WORK TO BE COMPLETED: Pictures should be left out while the data beneath this task is written out word for word.

RECORDED INFORMATION:
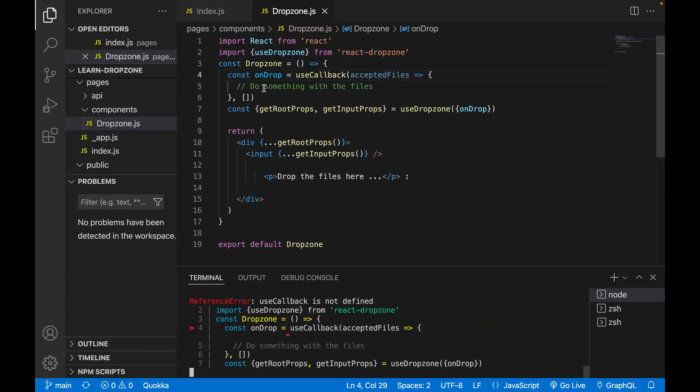Now we are going to continue to add the onDrop functions and we are going to create a state to store the selected files.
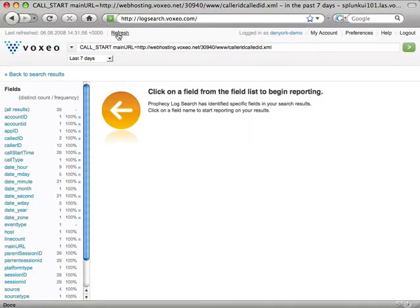When I go into the Report on Results, I'll see on the left-hand side a series of fields that were found in the log messages associated with this query. As the large arrow indicates, I am to click on a field to begin reporting.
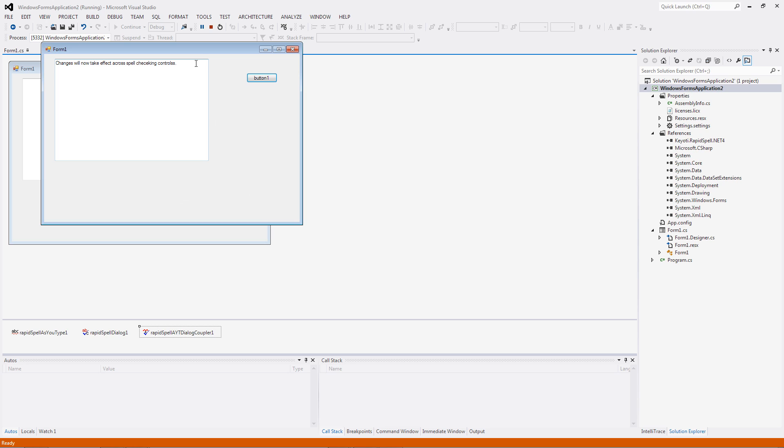RapperspellDesktop.NET has many additional features such as multiple text box checking, custom dictionaries, autocorrect, user options, and much more.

FINISHED EXERCISE:
Now we are going to continue to add the onDrop functions and we are going to create a state to store the selected files.
When I go into the Report on Results, I'll see on the left-hand side a series of fields that were found in the log messages associated with this query. As the large arrow indicates, I am to click on a field to begin reporting.
RapperspellDesktop.NET has many additional features such as multiple text box checking, custom dictionaries, autocorrect, user options, and much more.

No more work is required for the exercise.